TEFEKKÜR
Faziletler dörttür:
1- Adalet: Nefsani kuvvetlerin orta yolda durmasıyla var olur.
2- İffet: Bu, şehvete hakim olmakla mümkündür.
3- Kuvvet: Bu, öfke ile kaimdir.
4- Hikmet: Bu da tefekkür ile ayakta durur.
Tefekkürün faziletine ermek isteyen şu beş şeyi yapsın:
1- Allah’ın varlığına delalet eden ayetleri ve O’nun birliğini belirten alametleri düşünsün.
2- Allah’ın ihsan edeceği sevabı arzulasın.
3- Allah’ın vereceği cezayı aklından çıkarmasın.

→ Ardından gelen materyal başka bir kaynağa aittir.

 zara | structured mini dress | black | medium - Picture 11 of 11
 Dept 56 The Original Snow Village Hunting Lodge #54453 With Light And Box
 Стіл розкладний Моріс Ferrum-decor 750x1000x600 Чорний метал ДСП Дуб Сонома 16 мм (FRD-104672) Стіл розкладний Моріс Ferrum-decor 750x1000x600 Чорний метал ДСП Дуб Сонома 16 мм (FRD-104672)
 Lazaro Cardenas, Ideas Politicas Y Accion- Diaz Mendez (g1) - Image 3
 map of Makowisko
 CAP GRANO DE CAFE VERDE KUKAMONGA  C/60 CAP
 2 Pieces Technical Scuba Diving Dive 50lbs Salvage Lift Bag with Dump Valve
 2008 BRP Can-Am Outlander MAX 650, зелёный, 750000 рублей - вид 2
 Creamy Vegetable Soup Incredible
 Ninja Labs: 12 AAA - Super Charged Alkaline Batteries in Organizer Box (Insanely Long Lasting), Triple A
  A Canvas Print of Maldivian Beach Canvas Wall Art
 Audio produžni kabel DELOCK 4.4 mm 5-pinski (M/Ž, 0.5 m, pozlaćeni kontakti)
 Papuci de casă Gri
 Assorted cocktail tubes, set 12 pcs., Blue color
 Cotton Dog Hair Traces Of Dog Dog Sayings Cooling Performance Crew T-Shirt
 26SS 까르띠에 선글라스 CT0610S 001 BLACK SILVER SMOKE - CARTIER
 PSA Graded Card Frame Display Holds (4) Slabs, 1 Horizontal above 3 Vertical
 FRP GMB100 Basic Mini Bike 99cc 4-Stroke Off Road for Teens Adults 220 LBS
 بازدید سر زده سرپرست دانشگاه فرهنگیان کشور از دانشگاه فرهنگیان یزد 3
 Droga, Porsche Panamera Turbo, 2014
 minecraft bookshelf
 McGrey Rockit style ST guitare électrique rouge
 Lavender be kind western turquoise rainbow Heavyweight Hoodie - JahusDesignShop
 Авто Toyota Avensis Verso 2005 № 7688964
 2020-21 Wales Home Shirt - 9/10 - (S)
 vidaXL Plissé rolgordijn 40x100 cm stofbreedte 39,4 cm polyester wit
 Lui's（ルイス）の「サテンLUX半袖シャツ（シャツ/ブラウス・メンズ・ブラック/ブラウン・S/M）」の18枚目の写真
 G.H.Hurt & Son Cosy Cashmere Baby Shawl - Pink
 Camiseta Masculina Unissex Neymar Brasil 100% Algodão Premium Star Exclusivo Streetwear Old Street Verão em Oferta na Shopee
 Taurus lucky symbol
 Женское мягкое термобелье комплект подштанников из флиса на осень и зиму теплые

4- Allah’ın insana yaptığı ihsanı ve cefayı düşünsün.
5- Allah’ın nimetlerini, yüce makamları tefekkür etsin.
Ayetleri ve alametleri düşünmek şöyle olur:
Kişi, Allah’ın kudretini düşünmeli. Bunları, yerin ve semaların yaratılışında, güneşin doğuşunda ve batışında, gecenin ve gündüzün değişmesinde, bilhassa kendi nefsinde görmelidir. Cenâb-ı Hak buyuruyor ki:
“Kesin olarak inananlar için yeryüzünde nice ibretler vardır. Kendi nefislerinde de öyle, göremiyor musunuz?” (Zâriyat Sûresi, ayet 20-21)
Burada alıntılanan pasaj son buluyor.